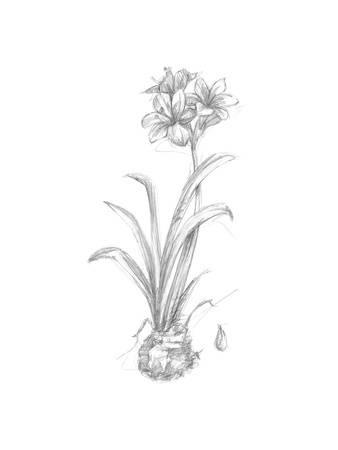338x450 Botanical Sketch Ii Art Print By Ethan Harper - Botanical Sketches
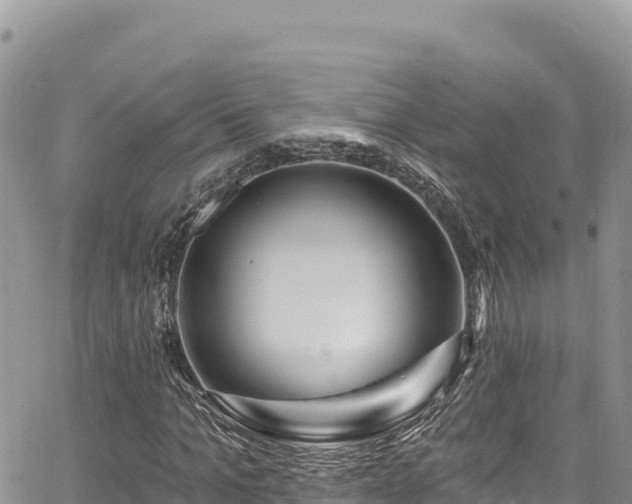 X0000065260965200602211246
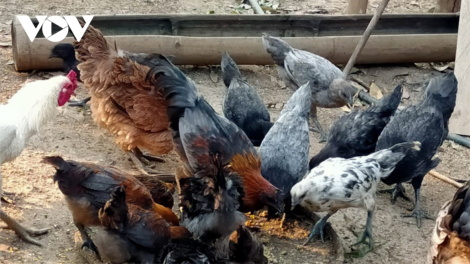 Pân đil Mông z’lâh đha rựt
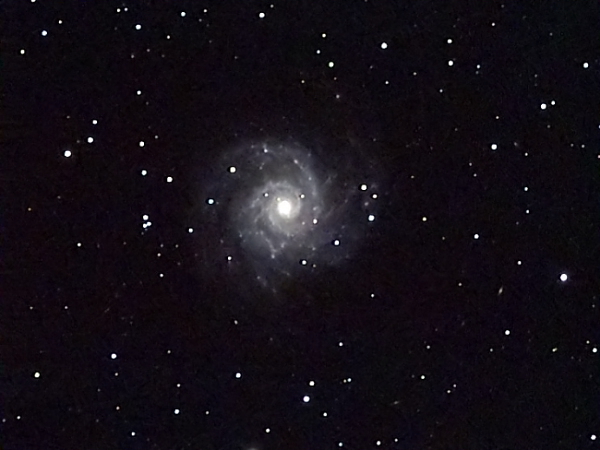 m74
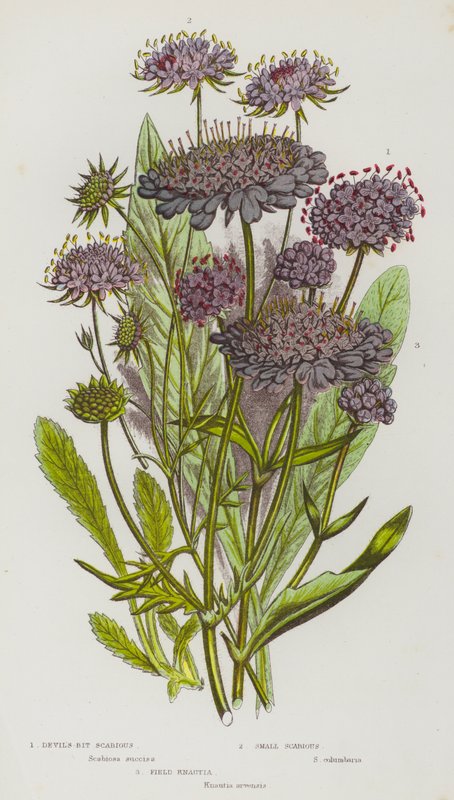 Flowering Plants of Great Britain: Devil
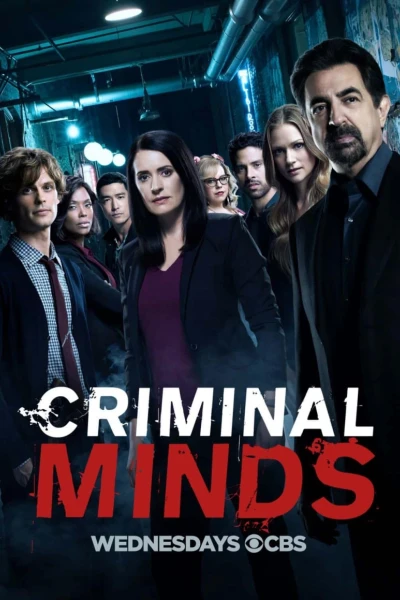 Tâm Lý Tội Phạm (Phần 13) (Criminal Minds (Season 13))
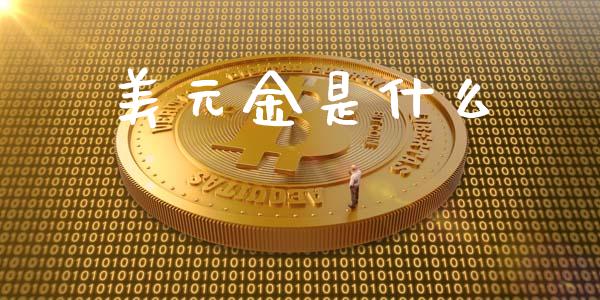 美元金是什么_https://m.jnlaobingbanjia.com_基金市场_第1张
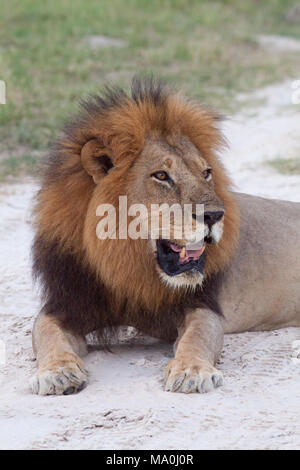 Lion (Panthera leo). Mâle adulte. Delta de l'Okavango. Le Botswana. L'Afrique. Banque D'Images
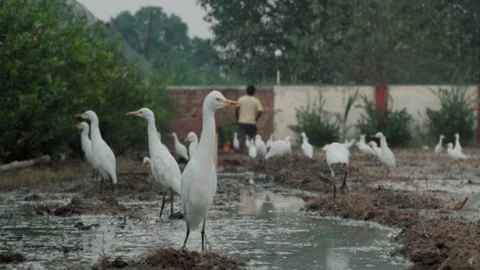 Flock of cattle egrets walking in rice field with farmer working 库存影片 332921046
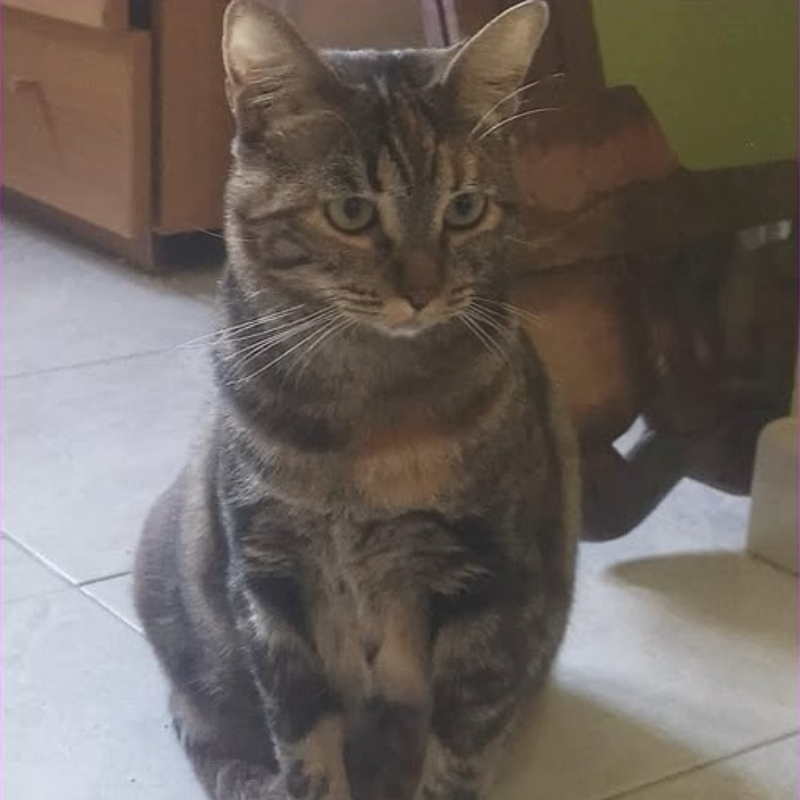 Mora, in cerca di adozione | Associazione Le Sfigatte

● **PROBLEM STATEMENT**: Repeat exactly the lines from the one containing "Flock of cattle" through the last line of the records above, both included, and leave out the pictures.

● **EXERCISE ANSWER**:
 Flock of cattle egrets walking in rice field with farmer working 库存影片 332921046
 Mora, in cerca di adozione | Associazione Le Sfigatte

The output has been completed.